Karena dianggap berhasil dalam memajukan ilmu pengetahuan,
khususnya bahasa, ilmu bumi dan antropologi di Hindia Belanda, dan mampu
menerbitkan Verhandelingen van het Bataviaasch Genootschap van Kunsten en
Wetenschappen serta Tijdschrift voor Indische Taal-, Land-en Volkenkunde
secara teratur, maka pada tahun 1924 nama perhimpunan tersebut mendapat
tambahan Koninklijk, sehingga menjadi Koninklijk Bataviaasch Genootschap van
Kunsten en Wetenschappen. Perpustakaan Bataviaasch Genootschap van Kunsten en
Wetenschappen merupakan perpustakaan khusus karena koleksinya bersifat khusus
serta pemakainya terbatas pada peneliti.
2.
BIBLIOTHEEK’S LANDS PLANTENTUIN TE BUITENZORG
Bibliotheek’s Lands Plantentuin te Buitenzorg
didirikan pada tahun 1842. Pendiriannya
diawali adanya sistem tanam paksa oleh pemerintah Belanda. Dimana pada saat itu
muncul perkebunan dan balai penelitian bidang pertanian. Sistem Tanam Paksa
secara tidak langsung mendorong pendirian perpustakaan penelitian bidang
pertanian serta tumbuhnya majalah pertanian di Indonesia, yaitu BIBLIOTHEEK’S
LANDS PLANTENTUIN TE BUITENZORG. Pada tahun 1911 namanya diubah menjadi Centra
Natuurwetenschappelijke Bibliotheek van het Departement van Landbouw,
Nijverheid en Handel. Nama tersebut kemudian diubah lagi menjadi Biblioteca Bogoriensis.
3.
VOLKSBIBLIOTHEEK ( PERPUSTAKAAN SEKOLAH RAKYAT)

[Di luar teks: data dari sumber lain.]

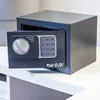 A small, dark gray safe with its door open, revealing a digital keypad and a dial, sits on a white shelf. Anteprima dell’immagine prodotto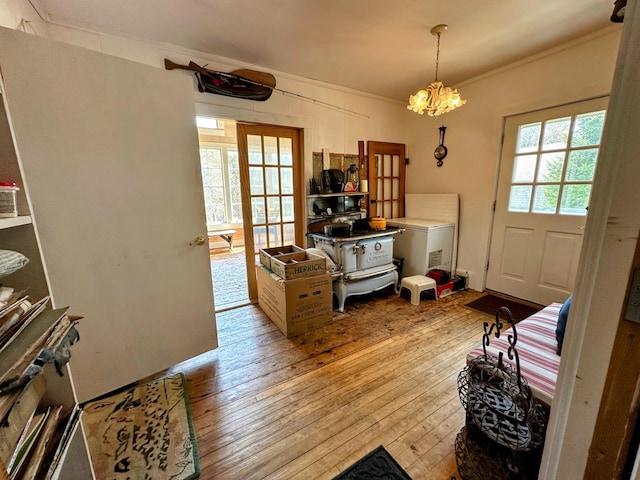 36 Cutler Rd, East Machias, ME 04630 - doorway with hardwood / wood-style floors, a chandelier, and crown molding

Dalam kaitannya dengan edukasi sebagai bentuk balasan budi (
hutang budi) pemerintah Belanda terhadap rakyat indonesia, pemerintah Hindia
Belanda mendirikan sekolah bagi pribumi yang dinamakan volkschool (sekolah
rakyat), yang menerima tamatan sekolah rendah angka dua (ongko loro).
Perpustakaan pada volkschool disebut Volksbibliotheek dengan koleksi dipasok
oleh Volkslectuur (kelak berubah menjadi Balai Pustaka).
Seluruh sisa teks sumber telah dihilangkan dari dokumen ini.